The very different levels of training and clinical experience led to an educational challenge to make the experience relevant and interesting to all. A student just beginning undergraduate training in Physical Therapy is very different than a second year medical student. This was addressed in several ways. The patient interviews focused on eliciting the patients' stories, not on a formal medical interview. The students were asked to learn about the person, their perception of their health, and their interaction with the healthcare system. During discussion, the group could work together to formulate a problem list, and then talk about how problems might be addressed. The students taught each other. The pairs combined students who were further along in training with those less experienced. The group discussions focused on eliciting everyone's reactions, how they felt about the patient they saw, rather than on a more formal diagnostic assessment.

The experience also has logistical challenges. Warsaw is about a one hour drive from Buffalo, the city where the medical, pharmacy, dental and many other health professional schools are located, so some students chose to commute rather than live in the community. The AHEC completed a hospitality house which allowed students to live in the community and also interact with each other informally, and the students who did this generally obtained a better sense of the rural life. Students from rural backgrounds are influenced less by the living experience3,17.
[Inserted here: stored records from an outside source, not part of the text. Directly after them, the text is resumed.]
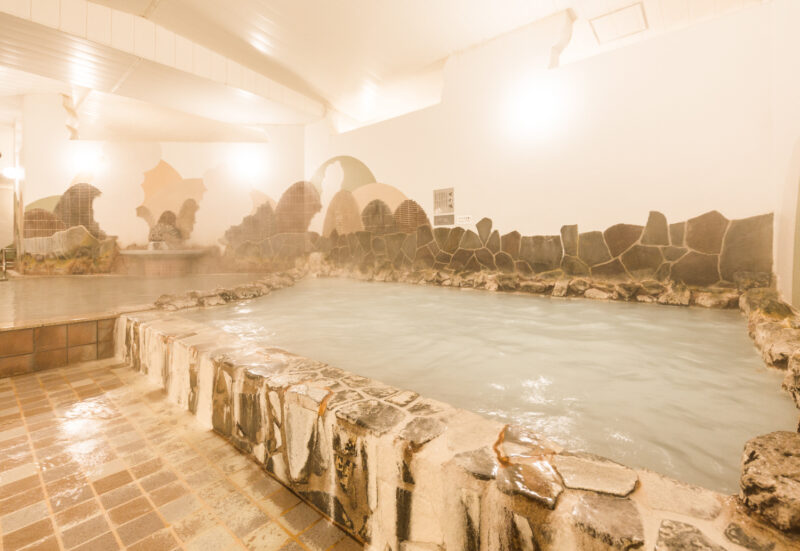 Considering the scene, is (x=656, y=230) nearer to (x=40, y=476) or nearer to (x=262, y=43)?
(x=40, y=476)

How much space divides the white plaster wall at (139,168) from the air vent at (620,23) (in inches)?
255

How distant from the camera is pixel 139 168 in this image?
848cm

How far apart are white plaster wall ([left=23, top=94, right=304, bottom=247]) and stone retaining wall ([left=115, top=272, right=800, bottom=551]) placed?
26.3 feet

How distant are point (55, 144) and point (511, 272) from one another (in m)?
10.0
Funding also presented a challenge. The local AHEC obtained much of the funding from a local foundation committed to the specific needs of this rural community, and clearly not all rural communities have such resources. The quality of the experience and student feedback influenced the School of Dentistry to fund their students who participated. All of the resource people from the community volunteered their time and effort. For 2 years the Director of Nursing at the local nursing home co-facilitated the group, but the time commitment was too great for this to continue. The author received support from the AHEC, through the foundation grants.


This project represents an attempt to address three timely and crucial issues: (i) inadequate numbers of health professionals in rural areas; (ii) poor communication and understanding among different health disciplines; and (iii) the need for more knowledge about and commitment to caring for the elderly.

What was learned, and what can be conveyed to others trying to address these issues? The tightly packed curriculum of most professional schools, and the silo organization of the disciplines, makes a summer experience conducted outside the regular academic calendar more practical and less problematic. Students at different stages in their education and far different levels of clinical experience can interact and learn from one another. Their comments attested to the importance and impact of interdisciplinary interaction. One student wrote:

The overall experience was fantastic. The ability to discuss with people of different professions helps to break some of the barriers medical professions create. Knowing where other professions are coming from helps in understanding a situation or patient better. And in the end, understanding a patient is the best way to give the most appropriate and efficient care.

Involving students in conversations with the elderly without expectations for making diagnoses or providing care can emphasize the human and personal aspects of geriatrics, often overlooked in later training focusing on professional care and assessment. Negative stereotypes of rural practice, of old people, and of health disciplines other than one's own can be broken down by relatively simple educational interventions. These experiences can provide clinical and educational opportunities often cherished by the students.


The author thanks the Western New York Rural Area Health Education Center for all their programmatic and logistical support; and the William F Thiel trust for financial support.